Eager to stake their claims, prospectors flocked in droves hopeful that great wealth could be achieved from extracting the regions’ valuable natural resources. The region described is not Northern California in 1849, but New York, Ohio, Pennsylvania, and West Virginia in the present day. The resource is not gold, but natural gas that can now be profitably extracted from the Marcellus and Utica shale plays. And, unlike the California Gold Rush, it is not only the prospectors, supply merchants, and saloonkeepers who will become rich.

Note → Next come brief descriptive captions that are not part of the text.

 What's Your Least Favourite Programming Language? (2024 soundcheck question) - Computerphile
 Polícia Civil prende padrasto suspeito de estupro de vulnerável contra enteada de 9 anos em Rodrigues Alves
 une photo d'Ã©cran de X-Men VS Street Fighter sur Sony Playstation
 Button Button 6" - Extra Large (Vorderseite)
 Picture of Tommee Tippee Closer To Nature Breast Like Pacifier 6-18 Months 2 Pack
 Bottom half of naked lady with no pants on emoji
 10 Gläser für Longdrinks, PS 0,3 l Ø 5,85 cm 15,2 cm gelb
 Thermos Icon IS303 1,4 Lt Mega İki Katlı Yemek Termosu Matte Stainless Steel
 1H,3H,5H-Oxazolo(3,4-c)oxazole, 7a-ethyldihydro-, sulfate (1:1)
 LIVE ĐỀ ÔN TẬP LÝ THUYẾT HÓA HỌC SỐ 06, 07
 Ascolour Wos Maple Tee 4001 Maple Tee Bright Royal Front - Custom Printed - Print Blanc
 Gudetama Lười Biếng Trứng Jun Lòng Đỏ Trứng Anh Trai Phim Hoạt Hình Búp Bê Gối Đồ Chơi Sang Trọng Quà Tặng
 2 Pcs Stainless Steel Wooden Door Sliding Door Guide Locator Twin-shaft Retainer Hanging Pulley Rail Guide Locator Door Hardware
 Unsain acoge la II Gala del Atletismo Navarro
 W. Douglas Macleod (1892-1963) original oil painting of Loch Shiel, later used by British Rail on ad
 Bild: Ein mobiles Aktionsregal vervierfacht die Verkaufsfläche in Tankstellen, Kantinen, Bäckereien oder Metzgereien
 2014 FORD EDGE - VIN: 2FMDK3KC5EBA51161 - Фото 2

Landowners holding tracts of what was previously undeveloped or agricultural land in Ohio, Pennsylvania, and surrounding states are the serendipitous beneficiaries of the Great Lakes Gold Rush in the form of upfront bonus payments and subsequent royalties from oil and gas companies leasing the shale gas rights to their land. The wealth created through leasing these shale rights is often not planned for, yet the dollars involved can be significant. The speculative nature of drilling for gas and oil presents challenges in valuing these rights, but also opportunities for gift tax planning.

Shale Gas Overview

Shale gas refers to natural gas and oil trapped inside shale rock formations. Minuscule pores in the shale often hold significant amounts of natural gas that are difficult to recover using traditional vertical drilling methods. Shale gas production can involve multiple hydrocarbons ranging from dry gas, which is predominately methane commonly used in heating homes, cooking, and generating electricity, to wet gas which also contains concentrations of natural gas liquids (propane, butane, and ethane), to crude oil. The natural gas liquids or NGLs must be removed before the natural gas is transported via pipeline. Notable U.S. shale gas plays include Bakken (North Dakota and Montana), Barnett and Haynesville (Texas and Louisiana), and the Marcellus and Utica plays (New York, Ohio, Pennsylvania, and West Virginia). It has been known for some time that these aforementioned domestic shale plays represent large reserves of natural gas and other resources, but until recently it was thought to be uneconomical to recover these resources.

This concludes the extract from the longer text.